Zeitarbeitsbörse in der Wuppertaler Stadthalle. Archivfoto.Pressemitteilung der Agentur für Arbeit

Am Donnerstag, 15. März, findet von 10 bis 15 Uhr im großen Saal der Historischen Stadthalle in Wuppertal im zwölften Jahr in Folge die Zeitarbeitsbörse statt. Interessierte Frauen und Männer können auf der Zeitarbeitsbörse Kontakte zu potentiellen Arbeitgebern knüpfen.
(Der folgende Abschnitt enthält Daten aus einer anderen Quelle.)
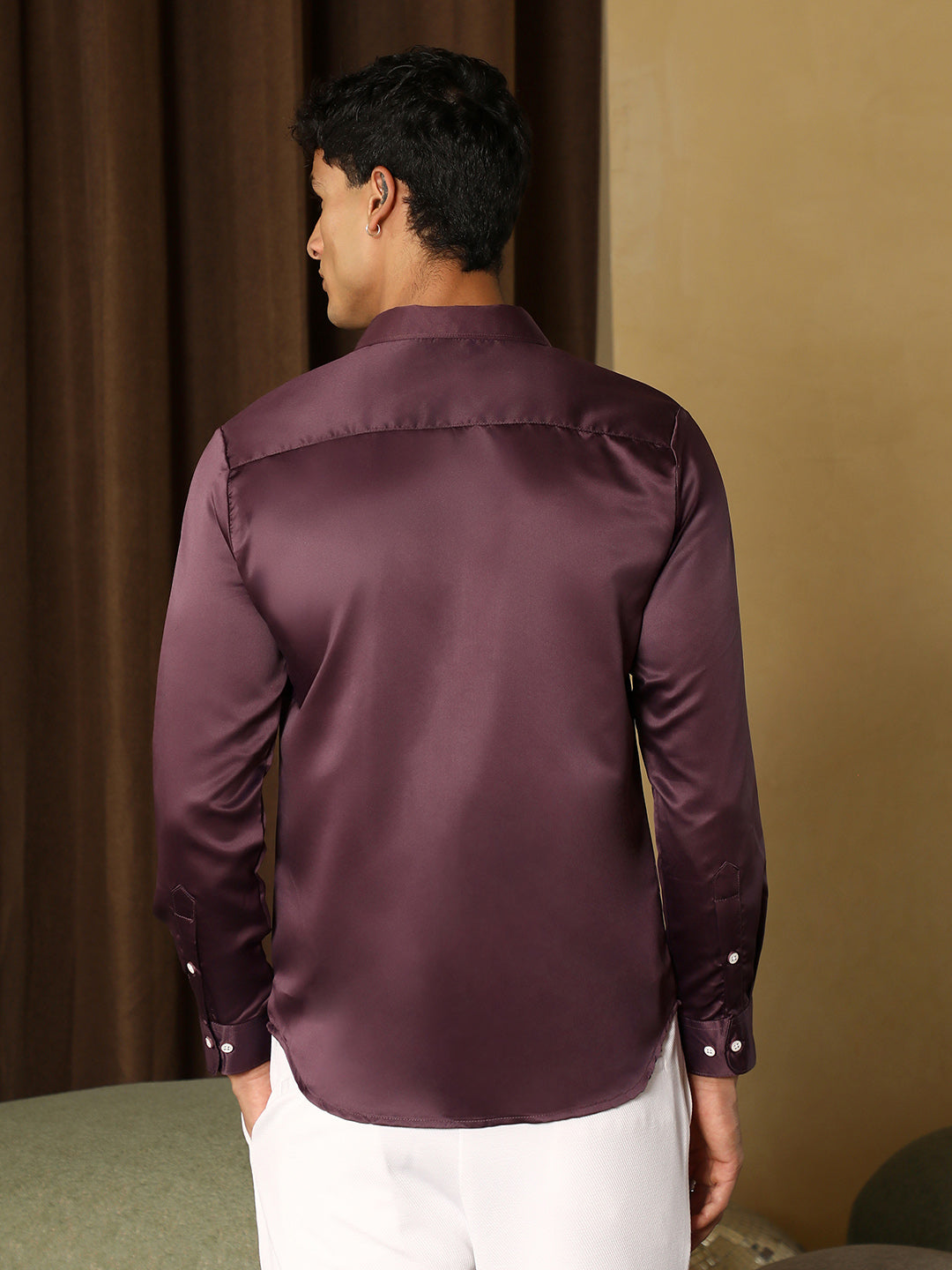 Solid-Satin Regular Shirt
In diesem Jahr präsentieren sich 30 Zeitarbeitsunternehmen aus dem Bergischen Städtedreieck den Besucherinnen und Besuchern. Sie haben nicht nur mehr als 1.000 offene Stellen im Gepäck sondern beantworten auch Fragen zu Entlohnung, Arbeitsbedingungen, Zukunftsaussichten und weiteren Aspekten der Zeitarbeit. Im vergangenen Jahr kamen rund 2.500 Besucherinnen und Besucher in die Stadthalle, um sich bei den damals vertretenen Zeitarbeitsfirmen zu informieren. 
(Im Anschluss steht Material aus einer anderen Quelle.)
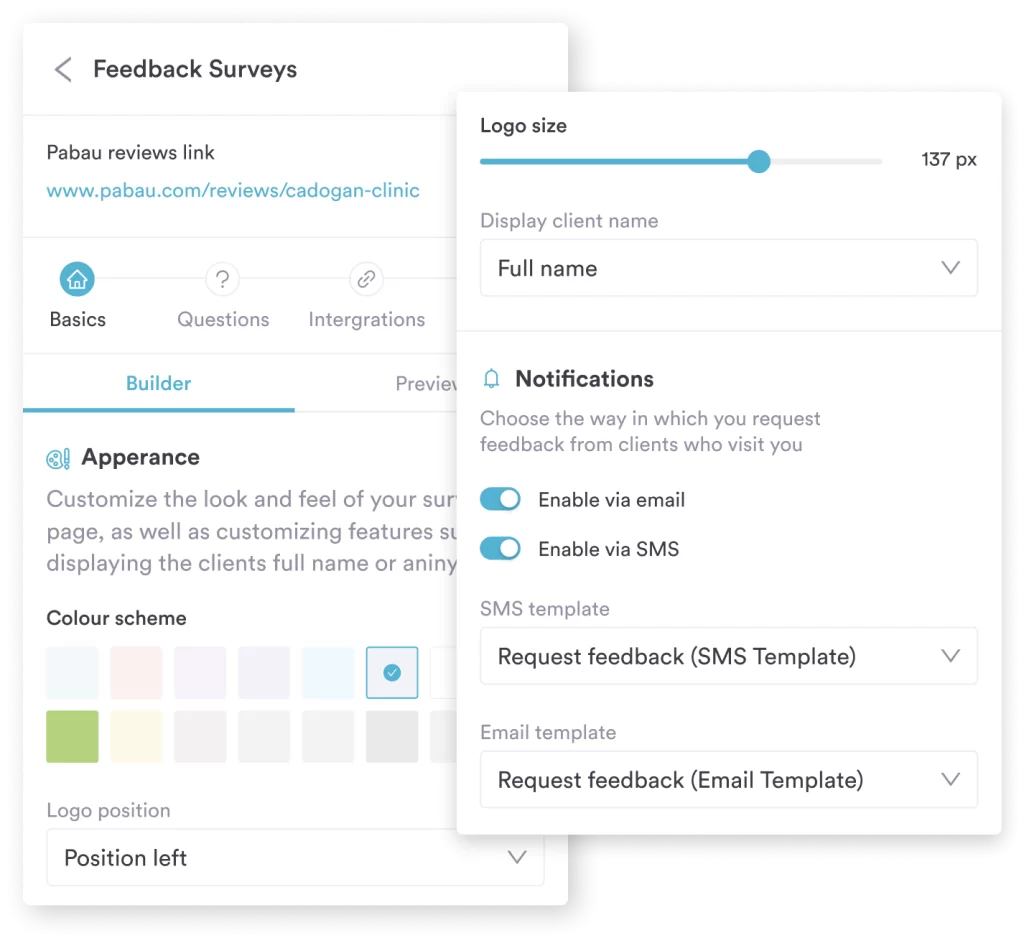 Pabau smart surveys screen showing an automated feedback request set up to send after an appointment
„Der große Vorteil der Zeitarbeitsbörse liegt darin, dass Besucherinnen und Besucher die verschiedenen Stellenangebote ohne viel Lauferei sehr gut vergleichen und die Möglichkeit für ein sofortiges Vorstellungsgespräch nutzen können. Darum empfehlen wir auch Kurzbewerbungen gleich zur Zeitarbeitsbörse mitzubringen. So kann man sich direkt auf interessante Stellen bewerben und einen bleibenden Eindruck bei den Arbeitgebern hinterlassen, die man im persönlichen Gespräch überzeugen konnte“, rät Martin Klebe, Chef der Agentur für Arbeit Solingen-Wuppertal.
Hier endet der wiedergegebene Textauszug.